__Instructions to follow__. Only the lines below starting at the one containing "Working group A" and ending at the one containing "The Bank Job: A" belong in the answer, each copied exactly.

__Stored records__.
Start of Block
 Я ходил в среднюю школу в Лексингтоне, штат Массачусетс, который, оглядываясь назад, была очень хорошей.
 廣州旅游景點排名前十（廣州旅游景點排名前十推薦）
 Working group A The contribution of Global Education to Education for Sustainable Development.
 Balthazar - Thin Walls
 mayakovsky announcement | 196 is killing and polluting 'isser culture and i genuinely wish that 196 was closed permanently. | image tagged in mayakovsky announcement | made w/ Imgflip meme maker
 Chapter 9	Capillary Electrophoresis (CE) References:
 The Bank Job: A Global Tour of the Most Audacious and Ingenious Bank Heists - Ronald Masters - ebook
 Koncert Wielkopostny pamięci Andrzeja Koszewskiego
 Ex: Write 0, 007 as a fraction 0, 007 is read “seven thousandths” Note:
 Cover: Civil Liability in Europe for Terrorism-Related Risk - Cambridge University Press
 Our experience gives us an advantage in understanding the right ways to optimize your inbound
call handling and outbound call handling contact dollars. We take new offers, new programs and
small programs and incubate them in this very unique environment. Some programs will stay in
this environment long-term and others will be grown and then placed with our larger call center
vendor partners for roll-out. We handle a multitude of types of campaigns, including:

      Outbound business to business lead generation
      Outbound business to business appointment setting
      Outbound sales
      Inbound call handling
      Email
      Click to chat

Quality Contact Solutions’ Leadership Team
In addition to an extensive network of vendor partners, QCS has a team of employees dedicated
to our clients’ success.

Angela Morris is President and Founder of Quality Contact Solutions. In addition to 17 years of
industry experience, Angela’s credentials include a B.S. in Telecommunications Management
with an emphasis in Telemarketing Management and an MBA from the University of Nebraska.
End of Block
__Task answer__.
 Working group A The contribution of Global Education to Education for Sustainable Development.
 Balthazar - Thin Walls
 mayakovsky announcement | 196 is killing and polluting 'isser culture and i genuinely wish that 196 was closed permanently. | image tagged in mayakovsky announcement | made w/ Imgflip meme maker
 Chapter 9	Capillary Electrophoresis (CE) References:
 The Bank Job: A Global Tour of the Most Audacious and Ingenious Bank Heists - Ronald Masters - ebook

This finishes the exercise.